A big cottonwood tree grew beside the gate, and a little plot of grass, enclosed on three sides by whitewashed adobe walls, made a square of welcome green. Lucy Bancroft exclaimed with delight as they entered the tiny yard, stepping mincingly across the grass with lifted gown, and smiling back at the two men, while fleeting dimples played hide-and-seek in her cheeks.

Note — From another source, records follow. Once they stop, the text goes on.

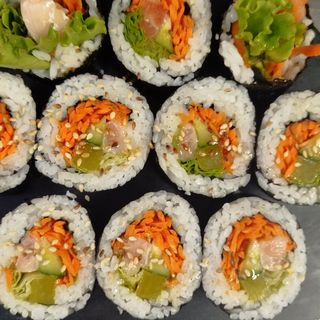 30.Кимбап със пиле(300г)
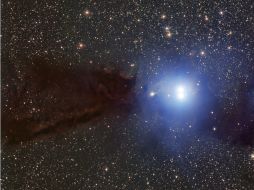 A la derecha de la guardería, se pueden observar dos jóvenes estrellas de apenas un millón de años. EFE /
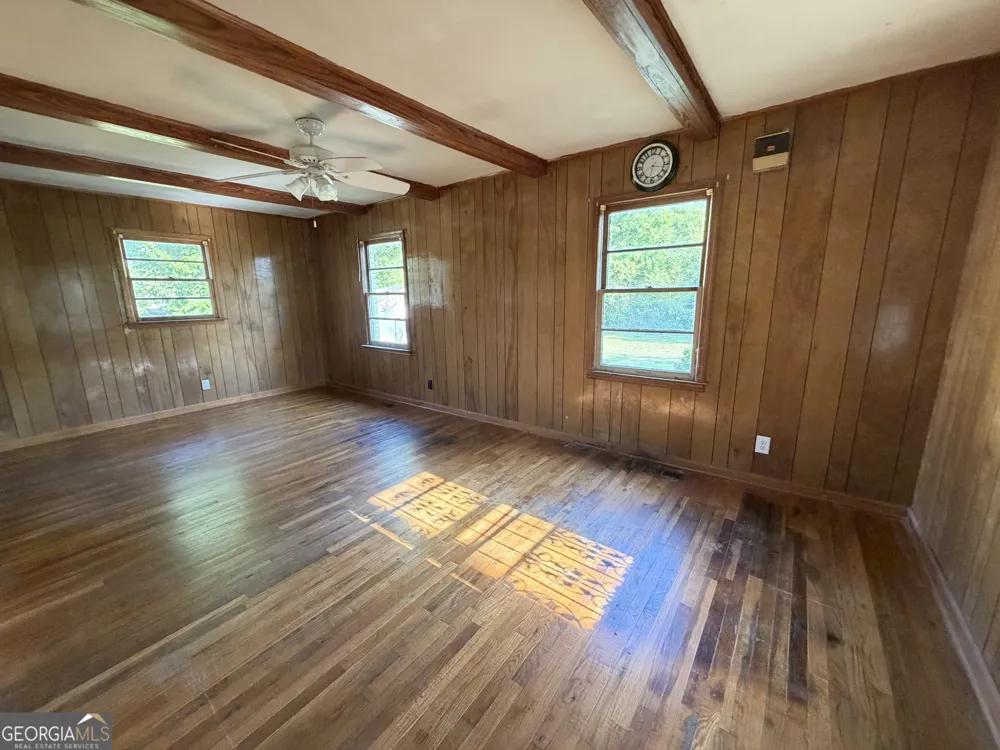 854 N 11th AVE Lanett, AL 36863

“I’m so glad, Mr. Conrad,” she laughed, “that you haven’t any signs up to ‘keep off the grass,’ for I simply must walk on it. I never saw anything so lovely as this little lawn and this beautiful big green tree, after our long ride across the plain. It makes me think of that line in the Bible about ‘the shadow of a great rock in a weary land.’”

“Yes,” replied Curtis as he threw open the door. “I never knew until I came to New Mexico how much comfort and pleasure there can be in a few blades of grass. When I come in from a long ride and look at this little checker-board square of turf I feel as if I uncurled a whole yard of wrinkles and squints from around my eyes.”

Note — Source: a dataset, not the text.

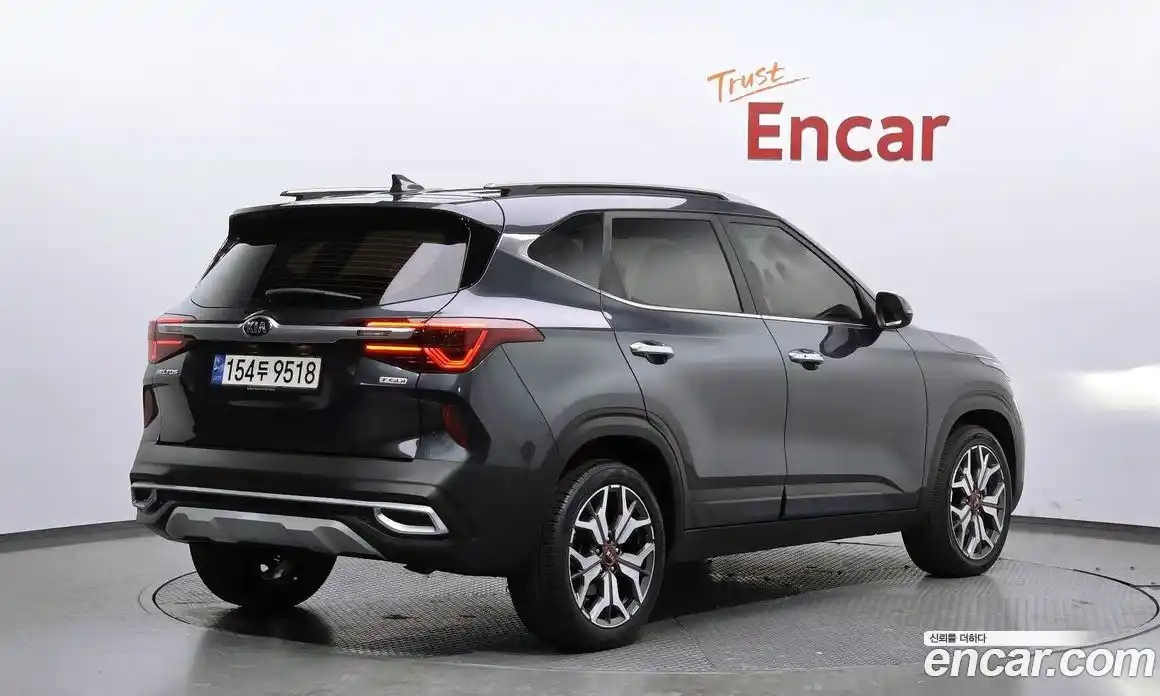 Kia Seltos 2022 1.6 Автомат в Москве № 132730, фото 9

The Socorro Springs ranch-house was a rambling sequence of adobe rooms, so joined one to another that they formed the eastern and part of the northern side of the big square corral. It was low and flat-roofed, and struggling tufts of weeds and grass grew along the top and trailed over the edge, adding their chapter to Nature’s endless tale of the unwearied determination of Life to evade and overcome Death. The rooms opened out of one another in a long row, all with outside doors looking toward the east and some with additional doors into the corral. A bare adobe yard sloping eastward was bordered by a trickling stream of water along which grew some willows and cottonwoods. Beyond it spread a golden-green field of young alfalfa, and beyond that the greenish-gray plain stretched to the far horizon. Across the front of the house was a narrow wooden porch, and house and porch, walls and sheds, were all a dazzling white that in the vivid sunshine smote the sight like a blow across the eyeballs. In the low, large room in front gayly colored Navajo rugs were spread on the floor, white muslin curtains hung at the windows, and rose-bedecked paper covered the walls and ceiling. Unpainted shelves of pine above a battered, flat-topped desk were filled with books, and the round table in the middle of the room was littered with newspapers, magazines, tobacco pouches, and pipes.

The housekeeper, Mrs. Peters, brought a pitcher of water, and Conrad explained to Lucy that the springs from which the ranch took its appellation, Los Ojos del Socorro , “The Springs of Succor,” had been so named nearly three hundred years before by a party of Spanish explorers, because they had come unexpectedly upon the pure waters when they were almost dead from thirst. At the housekeeper’s suggestion Lucy went into the next room to lie down for a half-hour’s rest before they should start for their home in Golden, twenty miles farther westward. The door, accidentally left ajar, swung part way open and she could hear plainly the voices of her father and Conrad as she lay with eyes closed and thoughts wandering, scarcely heeding what they said.